In [None]:
import os
import pandas as pd
import numpy as np
import statsmodels.api as sm
import statsmodels.formula.api as smf
import matplotlib.pyplot as plt
import seaborn as sns

In [None]:
# Load and clean data
def load_data(file_name):
    current_dir = os.getcwd()
    os.chdir(current_dir)
    data = pd.read_csv(file_name)
    # Drop rows with NaN values
    data.fillna('0')
    return data

In [None]:
# OLS Regression
def perform_ols(data):
    # Defining the model
    independent_vars = ['ln_export_area', 'longitude', 'rain_min', 'humid_max', 'low_temp', 'ln_coastline_area', 
                        'island_dum', 'islam', 'legor_fr', 'region_n', 'ln_avg_gold_pop', 'ln_avg_oil_pop', 
                        'ln_avg_all_diamonds_pop'] + [f'colony{i}' for i in range(8)]
    X = data[independent_vars]
    y = data['ln_maddison_pcgdp2000']
    X = sm.add_constant(X) # Adding a constant term

    model = sm.OLS(y, X).fit()
    return model

In [None]:
# Instrumental Variable Regression - First Stage
def perform_iv_first_stage(data):
    # Independent instrument variables
    instruments = ['atlantic_distance_minimum', 'indian_distance_minimum', 
                   'saharan_distance_minimum', 'red_sea_distance_minimum']
    X = data[instruments]
    y = data['ln_export_area']
    X = sm.add_constant(X) # Adding a constant term

    first_stage = sm.OLS(y, X).fit()
    data['predicted_ln_export_area'] = first_stage.predict(X) # Adding predicted values
    return first_stage, data

In [None]:
# Instrumental Variable Regression - Second Stage
def perform_iv_second_stage(data):
    X = data[['predicted_ln_export_area']]
    y = data['ln_maddison_pcgdp2000']
    X = sm.add_constant(X) # Adding a constant term

    second_stage = sm.OLS(y, X).fit()
    return second_stage

In [None]:
# Plotting scatter plots
def plot_scatter(data, x_var, y_var, title, file_name):
    plt.figure(figsize=(8, 6))
    sns.regplot(x=x_var, y=y_var, data=data)
    plt.title(title)
    plt.savefig(file_name)

In [None]:
# Saving regression summary and summary statistics
def save_summary(model, file_name, data, independent_vars):
    summary = model.summary().as_text()
    summary_stats = data[independent_vars].describe().to_string()
    with open(file_name, 'w') as file:
        file.write(summary + '\n\nSummary Statistics:\n' + summary_stats)

In [None]:
def main():
    # Load data
    data = load_data('replicationData.csv')

    # OLS Regression
    ols_model = perform_ols(data)
    print("OLS Regression Summary:")
    print(ols_model.summary())
    save_summary(ols_model, 'OLS_Regression_Summary.txt', data, ols_model.model.exog_names[1:-8])

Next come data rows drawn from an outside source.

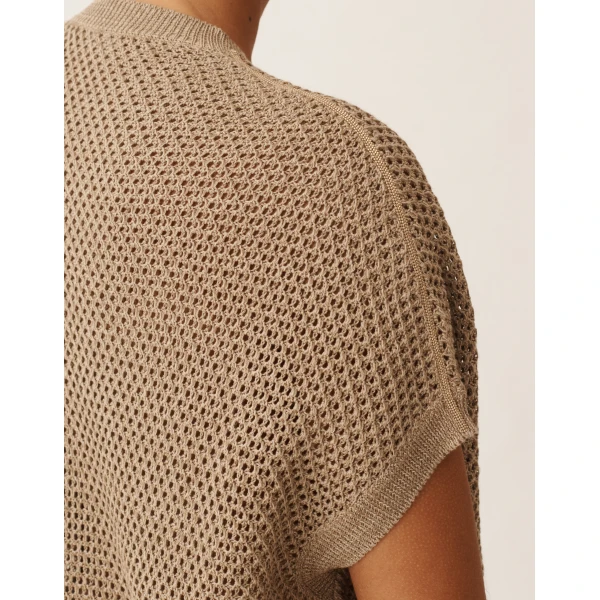 Fabiana Filippi Cape in Organic Cotton with Lustrous Viscose, Mud, view 5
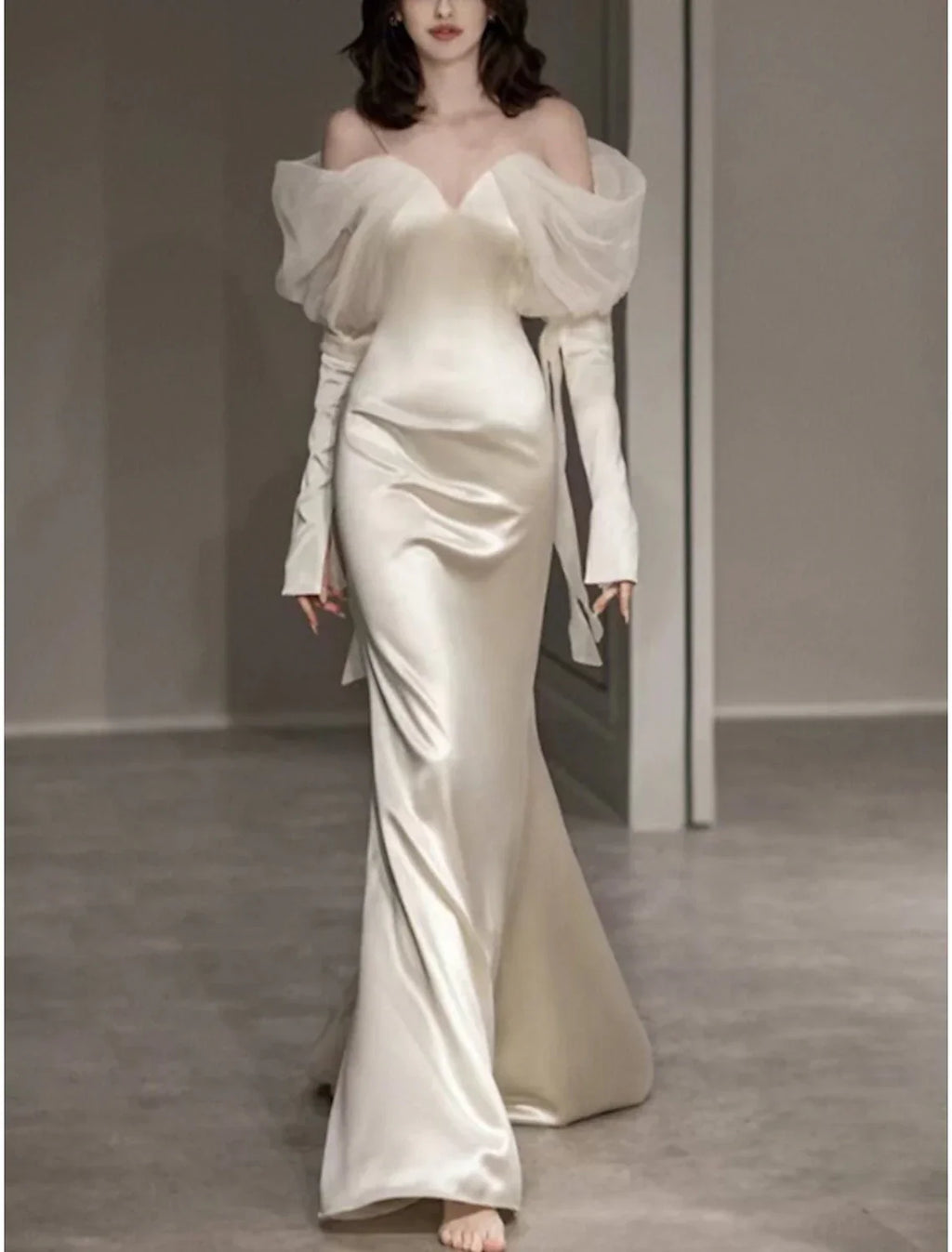 Mermaid / Trumpet Evening Gown Elegant Dress Formal Prom Floor Length Long Sleeve Sweetheart Italy with Buttons Shawl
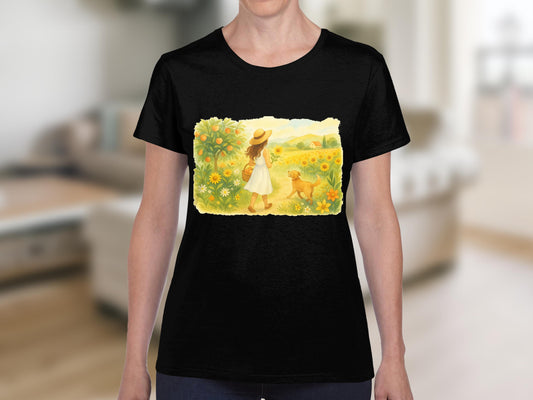 Girl in Sunflower Field with Dog T-Shirt product type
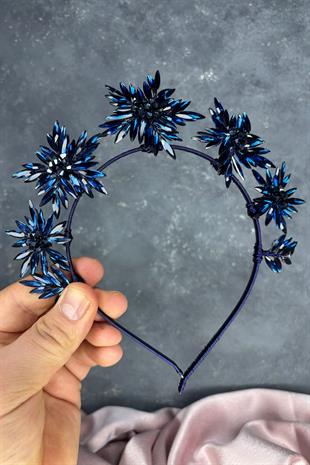 Navy Blue Star Stone Bridal Henna Crown and Bridal Hair Accessory
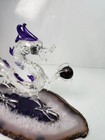 Hand Blown Glass Dragon On Amethyst Figurine 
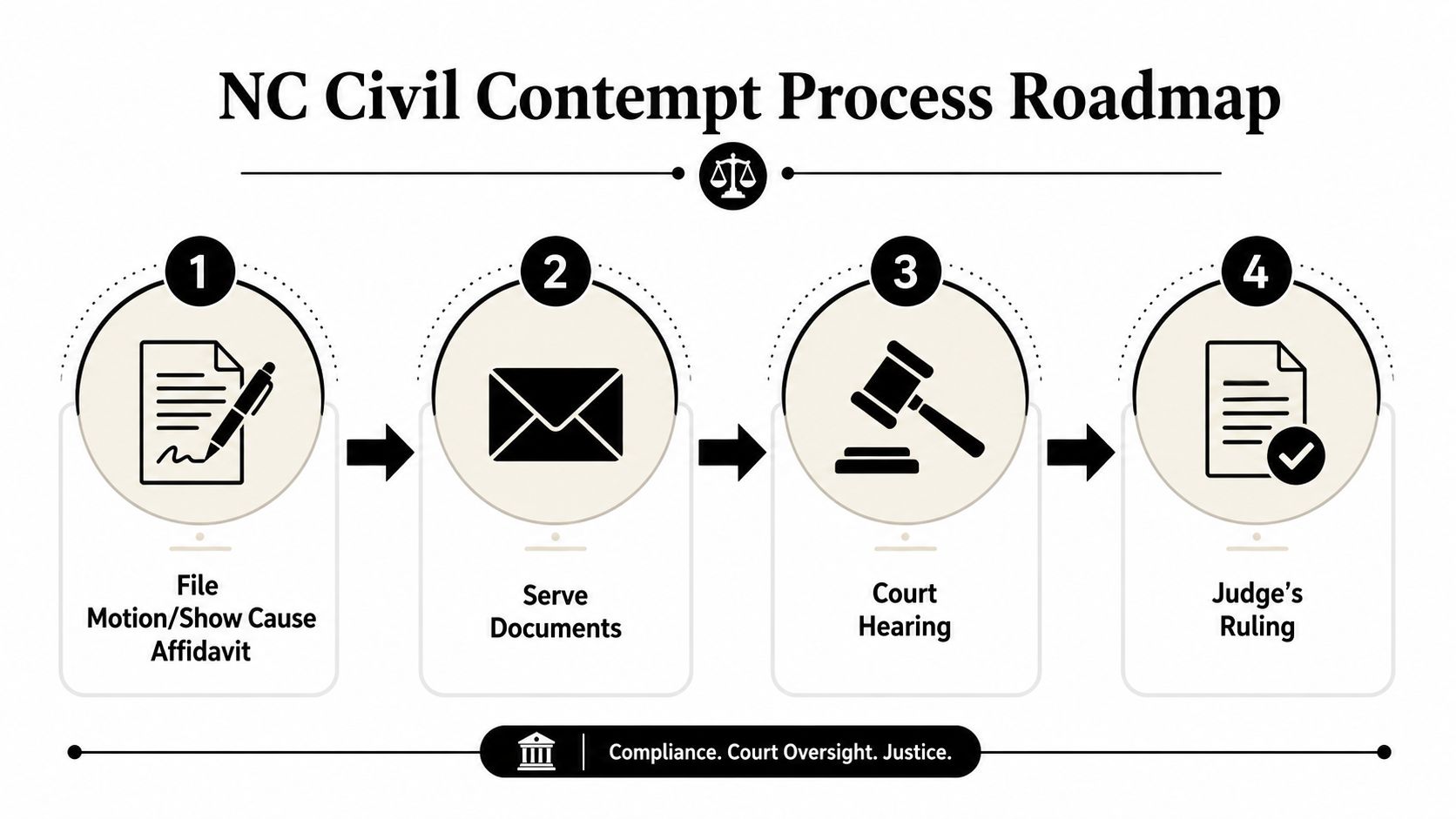 A four-step roadmap graphic illustrating the legal process for filing civil contempt in North Carolina courts.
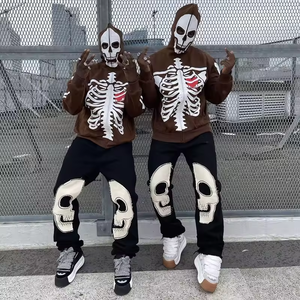 Streetwear pantaloni della tuta in cotone da uomo Custom teschi toppa Patchwork ricamo pantaloni in pile impilati felpe uomo - Product Image 6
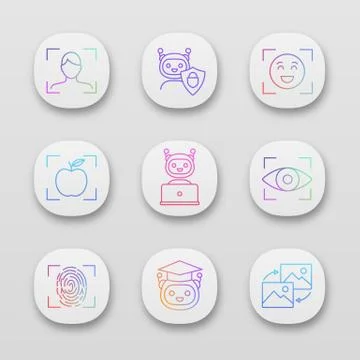 Machine learning app icons set イラスト素材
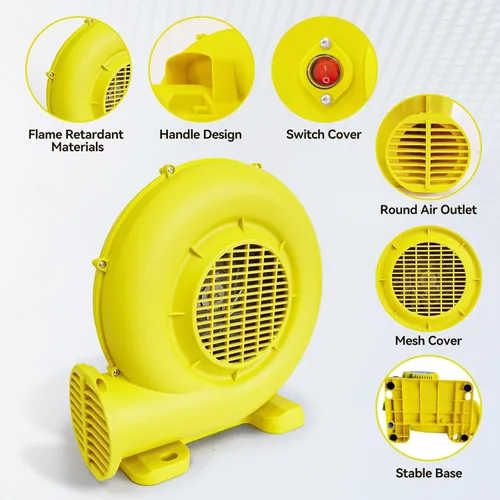Vista 4 de Soplador de Casa de Rebote, Soplador Inflable Potente de 380W 0.51HP Bomba de Aire Portátil para Inflables al Aire Libre, Casa de Burbujas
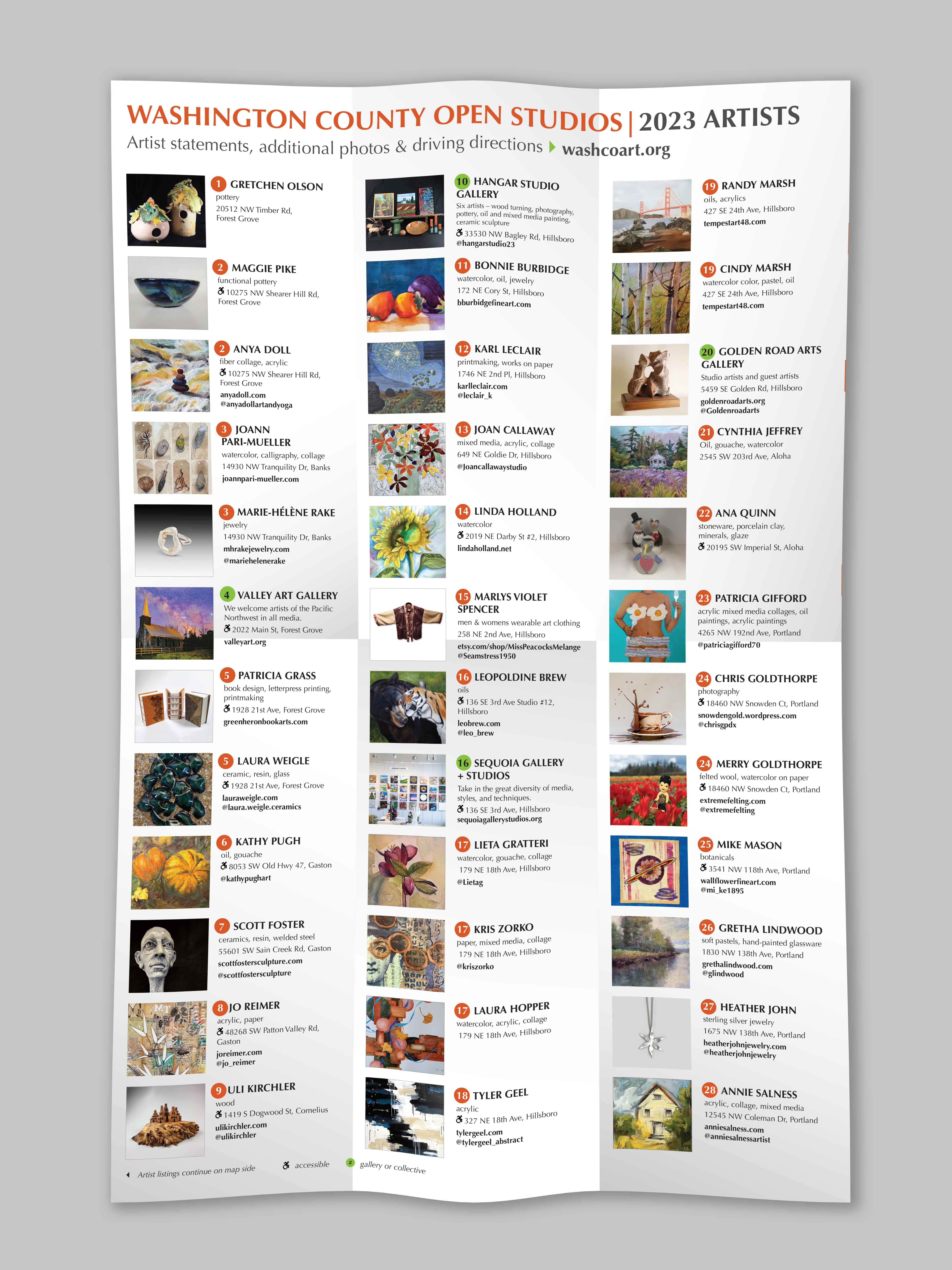 Inside of the map-guide brochure listing the first several artists participating in the tour.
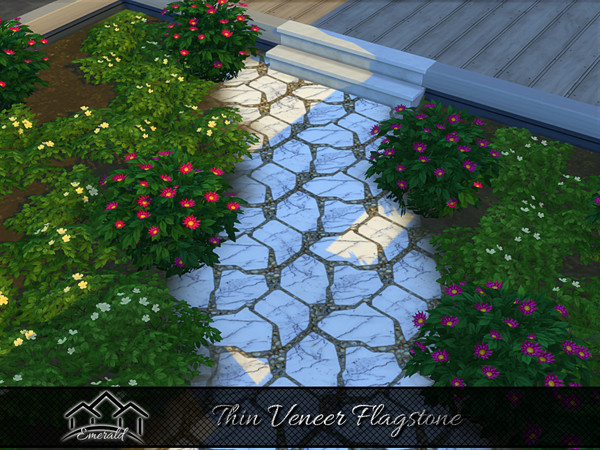 Sims 4 — Thin Veneer Flagstone 5 by Emerald — Flagstone is usually used for paving or walkways and patios.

    # IV Regression - First Stage
    iv_first_stage, data = perform_iv_first_stage(data)
    print("\nIV Regression First Stage Summary:")
    print(iv_first_stage.summary())
    save_summary(iv_first_stage, 'IV_Regression_First_Summary.txt', data, ['ln_export_area', 'longitude', 'rain_min', 'humid_max', 'low_temp', 'ln_coastline_area', 
                        'island_dum', 'islam', 'legor_fr', 'region_n', 'ln_avg_gold_pop', 'ln_avg_oil_pop', 
                        'ln_avg_all_diamonds_pop'] + [f'colony{i}' for i in range(8)])

    # IV Regression - Second Stage
    iv_second_stage = perform_iv_second_stage(data)
    print("\nIV Regression Second Stage Summary:")
    print(iv_second_stage.summary())
    save_summary(iv_second_stage, 'IV_Regression_Second_Summary.txt', data, ['predicted_ln_export_area'])

    # Scatter Plots
    plot_scatter(data, 'ln_export_area', 'ln_maddison_pcgdp2000', 'ln_export_area vs ln_maddison_pcgdp2000', 'ScatterPlot1.jpg')
    plot_scatter(data, 'ln_pop_dens_1400', 'ln_export_area', 'ln_pop_dens_1400 vs ln_export_area', 'ScatterPlot2.jpg')
    plot_scatter(data, 'ln_export_area', 'ethnic_fractionalization', 'ln_export_area vs Ethnic Fractionalization', 'ScatterPlot3.jpg')

In [None]:
if __name__ == "__main__":
    main()